Version history for the GRC: Entity Based Access application on the ServiceNow Store.
Important:
For details on system requirements and family compatibility, view the application
listing on the ServiceNow Store
website.
Version history
- Version 22.3.1 - June 2026 (Australia)
-
- This release adds new security restrictions, performance improvements, and localization updates to GRC Entity-Based Access.
- Audit Workspace restricts sensitive configurations: Access configuration records flagged as audit-relevant are now visible only to users with the Third Line Manager role when Audit Workspace is installed alongside Entity-Based Access, hiding them from general users to enhance audit security.
- Row-level query security enforced platform-wide: All Entity-Based Access tables now have platform-managed row-level query restrictions, ensuring that users only see rows they are authorized to access during list views, reports, and REST queries, improving security and performance.

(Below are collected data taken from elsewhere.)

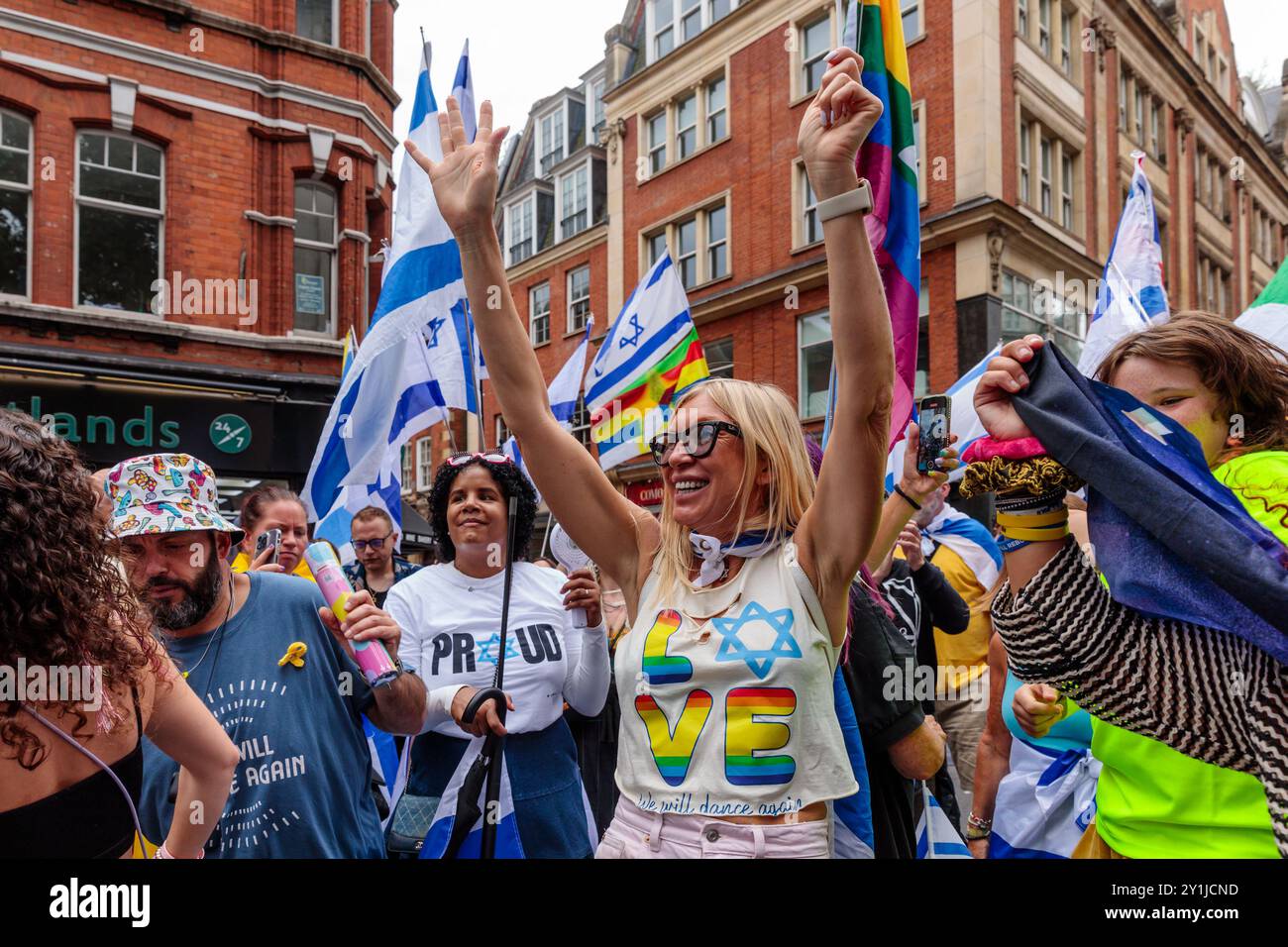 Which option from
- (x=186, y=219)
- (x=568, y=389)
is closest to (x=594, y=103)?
(x=186, y=219)

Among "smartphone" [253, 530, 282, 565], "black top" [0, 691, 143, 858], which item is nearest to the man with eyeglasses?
"smartphone" [253, 530, 282, 565]

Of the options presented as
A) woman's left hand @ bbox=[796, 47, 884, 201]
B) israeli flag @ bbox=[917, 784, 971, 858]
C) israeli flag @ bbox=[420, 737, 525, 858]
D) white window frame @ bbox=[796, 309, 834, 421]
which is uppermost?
white window frame @ bbox=[796, 309, 834, 421]

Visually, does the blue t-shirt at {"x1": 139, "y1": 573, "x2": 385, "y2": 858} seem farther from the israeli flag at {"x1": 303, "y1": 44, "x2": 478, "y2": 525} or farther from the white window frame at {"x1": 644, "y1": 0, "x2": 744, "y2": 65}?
the white window frame at {"x1": 644, "y1": 0, "x2": 744, "y2": 65}

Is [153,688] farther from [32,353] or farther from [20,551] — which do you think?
[32,353]

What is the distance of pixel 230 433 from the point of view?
37.0 ft

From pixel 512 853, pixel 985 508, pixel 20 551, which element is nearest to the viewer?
pixel 20 551

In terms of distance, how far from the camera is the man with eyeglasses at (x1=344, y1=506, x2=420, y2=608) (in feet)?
18.0

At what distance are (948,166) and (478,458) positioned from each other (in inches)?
556

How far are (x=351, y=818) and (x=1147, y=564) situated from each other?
2230 millimetres

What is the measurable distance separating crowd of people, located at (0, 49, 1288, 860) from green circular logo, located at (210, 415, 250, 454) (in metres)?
8.96

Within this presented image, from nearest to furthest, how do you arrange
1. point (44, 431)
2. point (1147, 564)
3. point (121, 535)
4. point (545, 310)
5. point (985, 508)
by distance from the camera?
point (1147, 564) < point (44, 431) < point (121, 535) < point (985, 508) < point (545, 310)

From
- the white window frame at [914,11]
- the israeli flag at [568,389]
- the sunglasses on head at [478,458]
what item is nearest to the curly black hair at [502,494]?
the sunglasses on head at [478,458]

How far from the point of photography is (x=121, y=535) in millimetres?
2576

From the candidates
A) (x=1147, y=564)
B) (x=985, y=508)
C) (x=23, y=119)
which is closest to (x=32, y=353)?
(x=23, y=119) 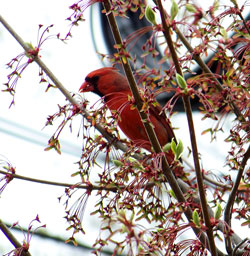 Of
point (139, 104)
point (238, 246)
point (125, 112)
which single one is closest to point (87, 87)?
point (125, 112)

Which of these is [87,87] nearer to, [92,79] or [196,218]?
[92,79]

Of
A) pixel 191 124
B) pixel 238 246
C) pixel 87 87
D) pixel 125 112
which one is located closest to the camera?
pixel 191 124

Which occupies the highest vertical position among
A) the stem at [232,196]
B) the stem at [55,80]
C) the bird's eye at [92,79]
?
the bird's eye at [92,79]

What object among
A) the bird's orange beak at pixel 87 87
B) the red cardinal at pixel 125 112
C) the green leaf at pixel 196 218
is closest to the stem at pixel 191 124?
the green leaf at pixel 196 218

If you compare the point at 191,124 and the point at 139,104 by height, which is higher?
the point at 139,104

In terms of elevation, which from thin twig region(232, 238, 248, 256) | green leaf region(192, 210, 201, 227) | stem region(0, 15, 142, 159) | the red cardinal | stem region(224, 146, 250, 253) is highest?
the red cardinal

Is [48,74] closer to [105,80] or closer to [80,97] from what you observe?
[80,97]

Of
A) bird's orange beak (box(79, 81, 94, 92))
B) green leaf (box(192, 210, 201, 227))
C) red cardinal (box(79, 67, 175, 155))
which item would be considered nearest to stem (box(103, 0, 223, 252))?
green leaf (box(192, 210, 201, 227))

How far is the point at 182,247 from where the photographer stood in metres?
1.27

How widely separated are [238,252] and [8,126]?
10.3ft

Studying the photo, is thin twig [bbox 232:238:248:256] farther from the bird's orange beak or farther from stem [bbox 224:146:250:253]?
the bird's orange beak

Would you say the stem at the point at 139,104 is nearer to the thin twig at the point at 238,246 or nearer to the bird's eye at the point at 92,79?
the thin twig at the point at 238,246

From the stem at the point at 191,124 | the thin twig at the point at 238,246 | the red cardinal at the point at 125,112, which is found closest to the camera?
the stem at the point at 191,124

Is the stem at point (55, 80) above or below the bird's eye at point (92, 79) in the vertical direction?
below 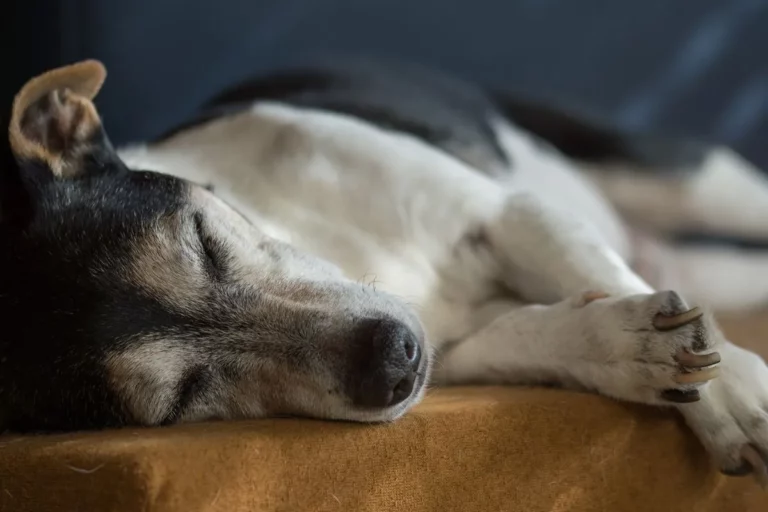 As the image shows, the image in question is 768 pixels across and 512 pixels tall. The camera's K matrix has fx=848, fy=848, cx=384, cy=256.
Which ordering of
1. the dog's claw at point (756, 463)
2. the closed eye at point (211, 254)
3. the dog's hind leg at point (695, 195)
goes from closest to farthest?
the dog's claw at point (756, 463), the closed eye at point (211, 254), the dog's hind leg at point (695, 195)

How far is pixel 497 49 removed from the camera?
3.77 metres

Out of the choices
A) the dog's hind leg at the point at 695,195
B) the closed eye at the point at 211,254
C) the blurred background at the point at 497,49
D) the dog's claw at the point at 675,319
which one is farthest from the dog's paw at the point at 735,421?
the blurred background at the point at 497,49

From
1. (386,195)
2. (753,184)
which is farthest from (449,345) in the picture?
(753,184)

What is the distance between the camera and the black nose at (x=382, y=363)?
5.08ft

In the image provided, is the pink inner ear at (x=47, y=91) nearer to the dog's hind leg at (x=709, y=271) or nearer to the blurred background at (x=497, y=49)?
the blurred background at (x=497, y=49)

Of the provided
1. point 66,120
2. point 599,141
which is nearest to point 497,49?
point 599,141

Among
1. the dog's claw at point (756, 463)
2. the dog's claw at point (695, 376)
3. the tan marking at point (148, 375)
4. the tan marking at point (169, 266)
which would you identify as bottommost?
the tan marking at point (148, 375)

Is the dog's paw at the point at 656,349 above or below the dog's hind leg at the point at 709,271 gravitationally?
above

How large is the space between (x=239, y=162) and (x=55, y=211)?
0.64m

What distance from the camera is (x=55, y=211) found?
180cm

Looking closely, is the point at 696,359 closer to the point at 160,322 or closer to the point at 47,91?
the point at 160,322

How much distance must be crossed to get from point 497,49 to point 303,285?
2301mm

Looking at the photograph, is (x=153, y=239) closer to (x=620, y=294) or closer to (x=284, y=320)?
(x=284, y=320)

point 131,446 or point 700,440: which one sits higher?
point 700,440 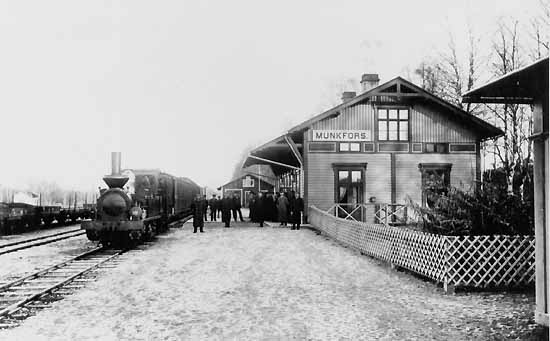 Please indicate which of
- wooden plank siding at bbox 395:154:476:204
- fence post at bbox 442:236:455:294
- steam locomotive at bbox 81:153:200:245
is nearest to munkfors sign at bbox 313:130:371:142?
wooden plank siding at bbox 395:154:476:204

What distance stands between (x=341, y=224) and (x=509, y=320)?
382 inches

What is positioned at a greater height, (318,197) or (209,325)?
(318,197)

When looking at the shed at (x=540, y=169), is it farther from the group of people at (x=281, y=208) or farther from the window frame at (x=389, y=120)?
the window frame at (x=389, y=120)

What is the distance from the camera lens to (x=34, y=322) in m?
6.95

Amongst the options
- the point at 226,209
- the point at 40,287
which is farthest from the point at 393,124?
the point at 40,287

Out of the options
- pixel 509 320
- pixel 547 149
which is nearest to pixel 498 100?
pixel 547 149

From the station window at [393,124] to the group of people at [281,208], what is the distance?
4.84 m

- Preservation of custom query ACLs: During plugin installation and upgrades, custom query-level ACLs are detected and preserved by deactivating conflicting platform defaults, ensuring that customer customizations remain intact and clearly distinguished from system-supplied ACLs.
- Improved access resolution performance: The process determining user access to parent records has been optimized to deduplicate matching records within the database, resulting in faster list loads and access checks without changing which records users can see.
- Tightened authorization on table-label lookup: The internal service that returns display labels for Entity-Based Access reference tables now checks read permissions before providing the label, preventing unauthorized users from seeing table names in the user interface.
- Localization updates in 23 languages: Translations for system messages, UI labels, and documentation have been refreshed across 23 languages, improving the experience for non-English speakers and ensuring previously missing strings are now translated.
- Version 22.0.1 - March 2026
- Fixed: Emails are sent upon completion of the bulk utility configurations job to notify users of successful changes or failures.
- Version 21.1.4 - December 2025 (Zurich)
-
- New: Record Attributes User Access control: Maintain seamless access for users and groups referenced in record fields even though entity-based access is enabled. This avoids manual configurations, reduces administrative overhead, and helps in adopting entity-based access with minimal disruption.
- Fixed: When Entity type configuration is deactivated, Entity type configuration was not removing the EBA restriction.
- Version 21.0.2 - August 2025
-
- New:
- Continuous maintenance of access restrictions on entity's related record types.
- Introduced "Entity based data access rules" configuration.
- Support for enabling Entity-based access on custom tables.
- Provided entity-based access admin to perform CRUD operations on "Applicable record type" table.
- Changed:
- Entity access update utility experience from record page to guided assistance.
- Apply entity-based access (EBA) restrictions at the record level by using guided assistance in the bulk access update utility.
- Guided assistance consists of a four-step process:
- Define the scope for the relevant entities, entity types, or entity classes.
- Scope the related record types
- Apply the conditions to each record type to refine the scope
- Review the selected records before you execute and initiate the update
- Fixed:
- Entity-based access configuration deactivation behaviour
- Deactivate entity-based access configuration, enabling the system to automatically assess the records that it impacts.
- If only the configuration is restricting a record, the access restrictions are removed.
- If other configurations also apply to the record, the restrictions remain in place and only the selected configuration is deactivated.
- New:
- Version 20.1.4 - May 2025
-
- New framework to set up configurations to restrict access on entities and related downstream objects.
- For example, restrict access to Risks and Controls of specific Locations or Entities to certain User groups or Users.